I try to code the equivalent Django query from this SQL query, but I'm stuck.
Any help is welcome.
I receive a race id
and from this race I want to do some statistics : nb_race
= the number of races from a Horse before the race given, best_chrono
= best time from a Horse before the race given.
SELECT *, (SELECT count(run.id)
FROM runner run
INNER JOIN race
ON run.race_id = race.id
WHERE run.horse_id = r.horse_id
AND race.datetime_start < rc.datetime_start
) AS nb_race,
(SELECT min(run.chrono)
FROM runner run
INNER JOIN race
ON run.race_id = race.id
WHERE run.horse_id = r.horse_id
AND race.datetime_start < rc.datetime_start
) AS best_time
FROM runner r, race rc
WHERE r.race_id = rc.id
AND rc.id = 7890
Django Models:
class Horse(models.Model):
id = AutoField(primary_key=True)
name = models.CharField(max_length=255, blank=True, null=True, default=None)
class Race(models.Model):
id = AutoField(primary_key=True)
datetime_start = models.DateTimeField(blank=True, null=True, default=None)
name = models.CharField(max_length=255, blank=True, null=True, default=None)
class Runner(models.Model):
id = AutoField(primary_key=True)
horse = models.ForeignKey(Horse, on_delete=models.PROTECT)
race = models.ForeignKey(Race, on_delete=models.PROTECT)
chrono = models.DecimalField(max_digits=10, decimal_places=2, blank=True, null=True, default=None)
Subquery expression can be used to compile an additional queryset as subquery that depends on the main queryset and execute them together as one SQL.
from django.db.models import OuterRef, Subquery, Count, Min, F
# prepare a repeated expression about previous runners, but don't execute it yet
prev_run = (
Runner.objects
.filter(
horse=OuterRef('horse'),
race__datetime_start__lt=OuterRef('race__datetime_start'))
.values('horse')
)
queryset = (
Runner.objects
.values('id', 'horse_id', 'race_id', 'chrono', 'race__name', 'race__datetime_start')
.annotate(
nb_race=Subquery(prev_run.annotate(nb_race=Count('id')).values('nb_race')),
best_time=Subquery(prev_run.annotate(best_time=Min('chrono')).values('best_time'))
)
)
Some tricks used here are described in the linked docs:
.values(...)
to one field: only the aggregated value.annotate()
is used in the subquery (not .aggregate()
).

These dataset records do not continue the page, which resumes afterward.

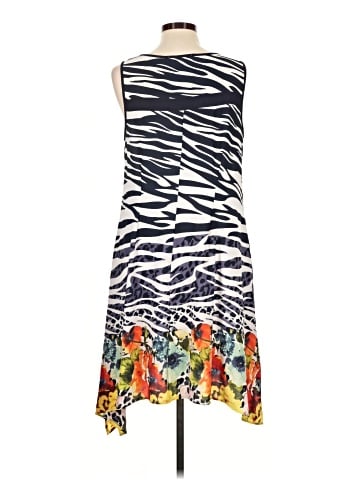Robbie Bee Casual Dress (view 2)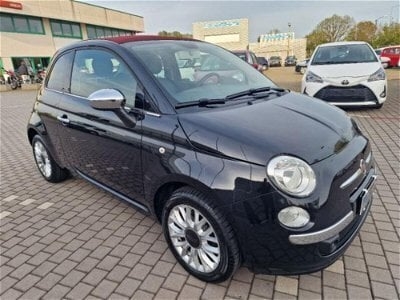 Usato 2015 Fiat 500 1.2 Benzin 69 CV (9.300 €)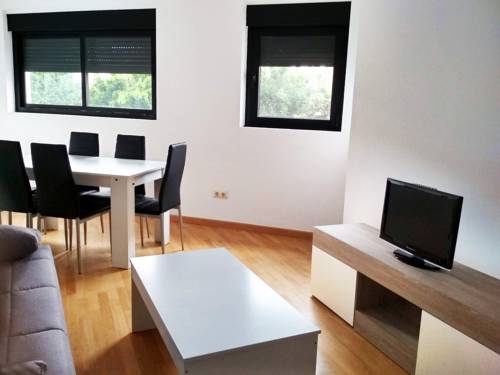 Imagen de la habitación del Apartamentos Ares Centro 3000. Foto 2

That adds a GROUP BY race.horse_id
, but is is not a problem becase there is also WHERE race.horse_id = ...
and the "group by" will be finally ignored by an SQL optimizer in a modern database backend.It is compiled to a query equivalent to the SQL in the example. Check the SQL:
>>> print(str(queryset.query))
SELECT ...,
(SELECT COUNT(U0.id)
FROM runner U0 INNER JOIN race U1 ON (U0.race_id = U1.id)
WHERE (U0.horse_id = runner.horse_id AND U1.datetime_start < race.datetime_start)
GROUP BY U0.horse_id
) AS nb_race,
...
FROM runner INNER JOIN race ON (runner.race_id = race.id)
A marginal difference is that a subquery uses some internal aliases like U0 and U1.